Now that you’ve captured all of this data, the next step is getting it organized by category. This will make tax time a breeze, and allow you to refer back to any transaction without hunting through tons of files. Here are some examples of common categories for tax deductible purchases:
- Advertising and Promotion: includes items such as business cards, mailing lists/mailing list software, brochures, branded giveaway items, posters, website design, development, and maintenance
- Meals and Entertainment: make sure these get listed under travel if they are from a business trip and be aware this category is highly scrutinized by the IRS
- Travel: there are certain criteria to meet for travel expenses to be deductible, but items that may be included are airfare, baggage & shipping, automotive expenses, actual expense or standard mileage, tolls, parking, rental, taxis, lodging, meals, dry cleaning, telephone/internet, tips
- Rent: this may include rent payments for property used in the operation of your business, lease payments for business equipment, and any amount paid to terminate a lease early
- Utilities: this may include electricity, heat, water, trash pickup, security fees
- Communication: this may include internet access fees, phone expenses, and cell phone expenses. The IRS closely reviews items in this category, so make sure you only deduct what is used for business
- Supplies: may include material used in the production of services, office materials, cleaning supplies, coffee, bottled water, food for clients, off-the-shelf software
- Postage and Mailing: may include FedEx, UPS, USPS, other delivery services, P.O. boxes, messenger or courier service
- Legal and Professional Fees: accountant’s fees, bookkeeping fees, attorney’s fees, other professional consultants’ fees directly related to your business
- Insurance: may include business liability insurance premiums, property insurance premiums, disability premiums, workers’ compensation premiums for employees
- Licenses and Dues: may include business licenses, professional license fees, trade association dues, franchise fees
- Charitable Contributions: contributions by a C corporation to a qualified charity may be deductible as business expenses, but a tax professional should be consulted to calculate the amount of the deduction and the documentation required to substantiate the deduction.
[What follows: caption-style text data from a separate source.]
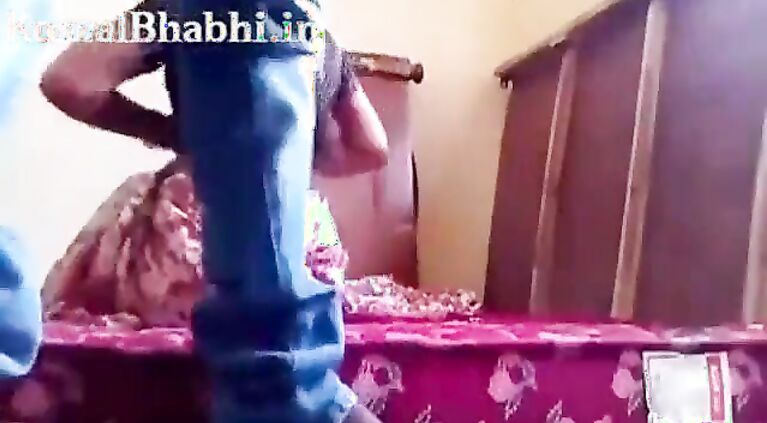 Aunty fucked by neighbour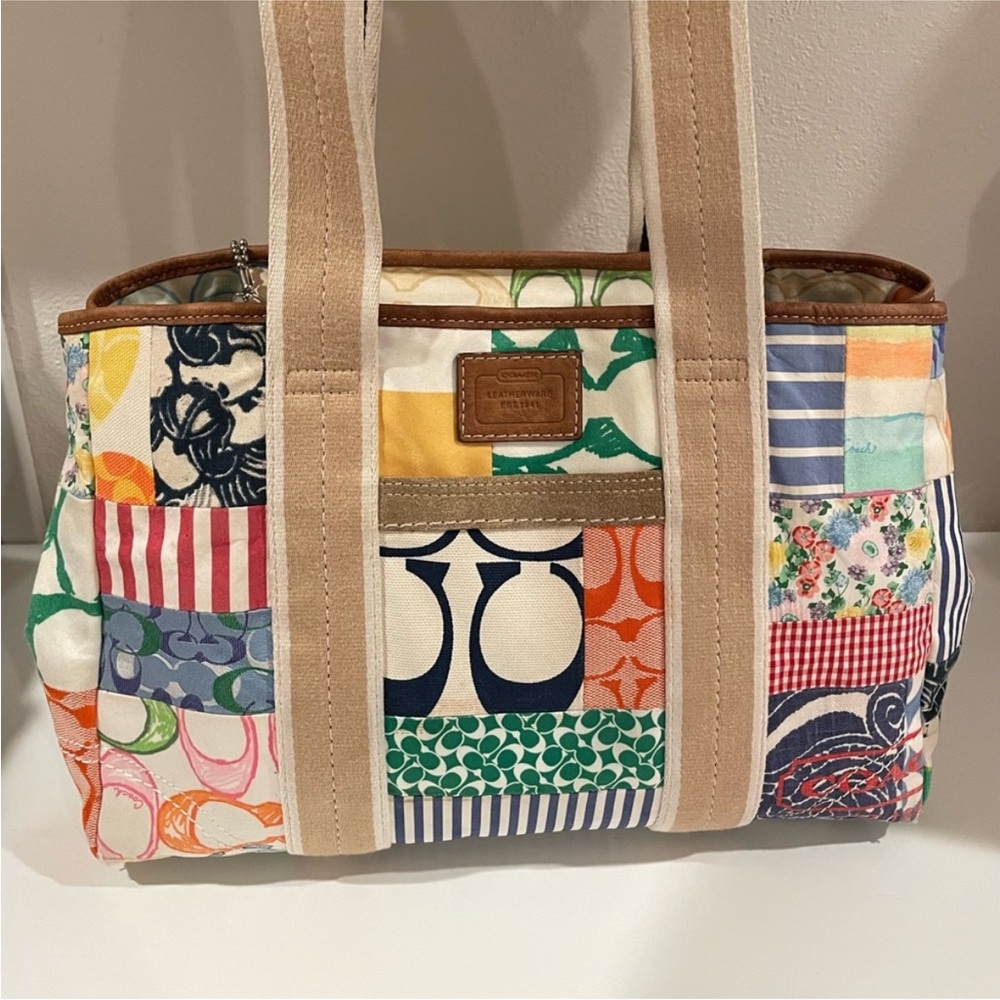 Coach Hampton 2006 Patchwork Canvas Tote in Multicolor with Tan Straps Vintage - Picture 2 of 15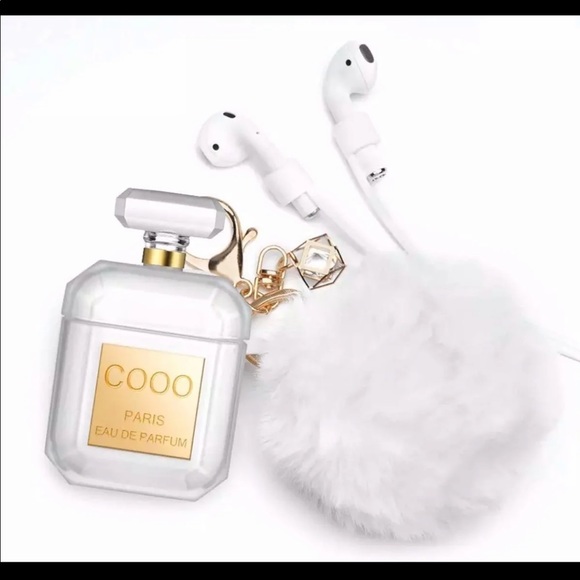 Clear AirPod case - Picture 1 of 5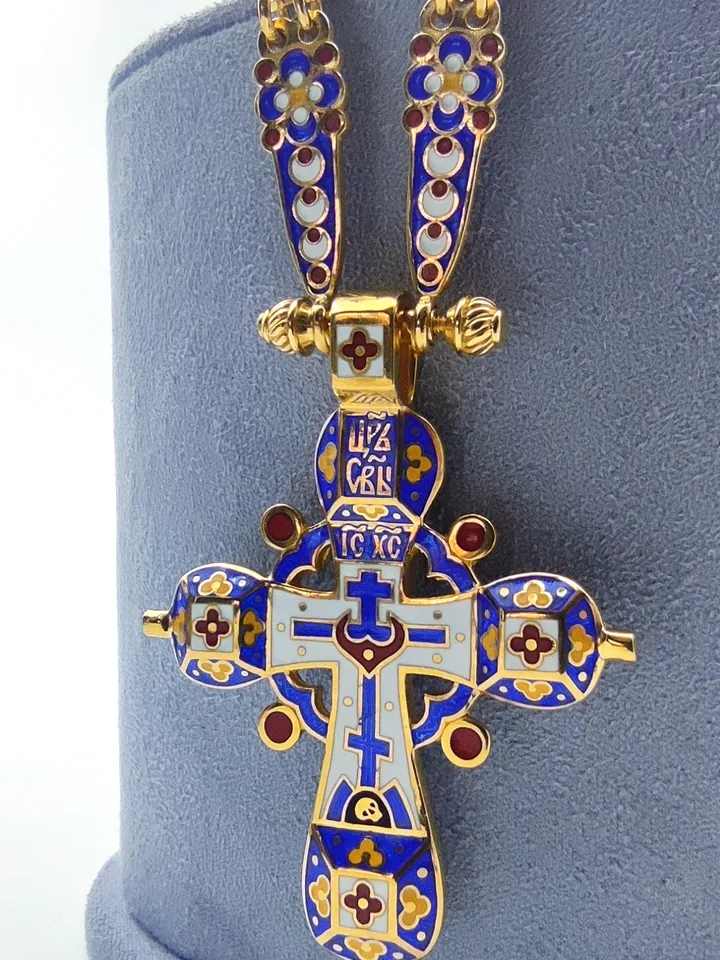 A magnificent set of a cross and chain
Qualified charities are those organizations that have been approved by the IRS as tax exempt. To determine if a charity is qualified, you can search for the organization on the IRS website here.
- Gifts: Gifts given to business contacts are deductible but are limited to $25 per person, per year.
- Education: Business education deductions may be taken for seminars, professional development courses and a variety of other learning opportunities if they are required by law to keep your present job or income, or are required by your employer
4. Be Consistent
Another crucial step in organizing your receipts is to stick with the process consistently. Try to keep expenses separated by paying with a “business only” credit card or bank account when possible, and avoid paying in cash.
You may tweak your system in small ways over time (by trying a new app or management system for more convenience), but using the same overall method of keeping the receipts, capturing the info, and categorizing them each year will keep your information consistent, reliable, and easily accessible to you.
Remember, it’s been scientifically proven that it only takes 2 months to form a new habit, so start your journey toward organized peace of mind today. Your future self will thank you!